TensorFlow tfrecord edit (чтение и запись в файл) Ошибка OutOfRange - PullRequest
0 голосов
/ 14 января 2019

In src / datasets / h36m_edit.py :

with tf.Session() as sess:
    reader = tf.TFRecordReader()
    coder = ImageCoder()

    fqueue = tf.train.string_input_producer(files, num_epochs=1, shuffle=False, name="input")
    _, example_serialized = reader.read(fqueue)

    sess.run(tf.local_variables_initializer())
    sess.run(tf.global_variables_initializer())

    coord = tf.train.Coordinator()
    threads = tf.train.start_queue_runners(coord=coord)

    fidx = 0
    total_imgs = 0
    image, image_size, label, center, fname, pose, shape, gt3d, has_smpl3d = parse_example_proto(example_serialized)

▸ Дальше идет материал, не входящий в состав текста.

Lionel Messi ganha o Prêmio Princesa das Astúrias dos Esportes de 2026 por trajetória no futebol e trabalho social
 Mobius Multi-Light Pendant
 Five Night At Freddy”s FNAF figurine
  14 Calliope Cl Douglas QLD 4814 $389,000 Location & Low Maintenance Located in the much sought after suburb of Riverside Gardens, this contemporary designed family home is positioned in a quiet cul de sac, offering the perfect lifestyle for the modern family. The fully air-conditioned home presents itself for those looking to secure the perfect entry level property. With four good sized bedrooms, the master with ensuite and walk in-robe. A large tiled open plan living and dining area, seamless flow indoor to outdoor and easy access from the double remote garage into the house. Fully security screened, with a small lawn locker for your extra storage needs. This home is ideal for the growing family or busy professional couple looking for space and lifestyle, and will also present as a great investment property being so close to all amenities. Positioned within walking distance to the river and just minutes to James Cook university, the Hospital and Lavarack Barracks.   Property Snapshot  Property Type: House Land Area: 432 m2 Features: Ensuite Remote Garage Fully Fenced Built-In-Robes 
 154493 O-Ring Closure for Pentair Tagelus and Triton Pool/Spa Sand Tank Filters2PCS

    while not coord.should_stop():
        fidx += 1
        tf_filename = out_path% fidx

        print('Starting tfrecord file %s \n' % tf_filename)
        with tf.python_io.TFRecordWriter(tf_filename) as writer:
            for i in tqdm(range(train_shards)):  # min(train_shards, image_bs.shape[0])
                image_v, image_size_v, label_v, center_v, fname_v, pose_v, shape_v, gt3d_v, has_smpl3d_v = sess.run(
                    [image, image_size, label, center, fname, pose, shape, gt3d, has_smpl3d])
                image_s = coder.encode_jpeg(image_v)
                example = convert_to_example_wmosh(image_s, fname_v, image_size_v[0], image_size_v[1],
                                                   label_v, center_v, gt3d_v, pose_v, shape_v)
                writer.write(example.SerializeToString())
                total_imgs += 1

    coord.request_stop()
    coord.join(threads)

Иногда внутренний цикл останавливается до того, как он достигает максимального предела iter (train_shards) 500.

100%|██████████| 500/500 [00:02<00:00, 225.07it/s]
Starting tfrecord file /home/cdeng/tf_datasets/tf_records_human36m_wjoints/train_modified/train_0011.tfrecord 

 96%|█████████▌| 478/500 [00:02<00:00, 225.58it/s]Starting tfrecord file /home/cdeng/tf_datasets/tf_records_human36m_wjoints/train_modified/train_0012.tfrecord 

100%|██████████| 500/500 [00:02<00:00, 230.37it/s]

И когда он записывает в файл tfrecord номер 625, возникает ошибка OutOfRange (предполагается, что он завершает работу с более чем 3000 файлами tfrecord, из-за того, что поезд Human36m имеет 1559985 изображений, а каждая запись tfrecord содержит 500 изображений). Я предполагаю, что это потому, что очередь изображений не обрабатывается правильно, может быть, продюсер слишком медленный?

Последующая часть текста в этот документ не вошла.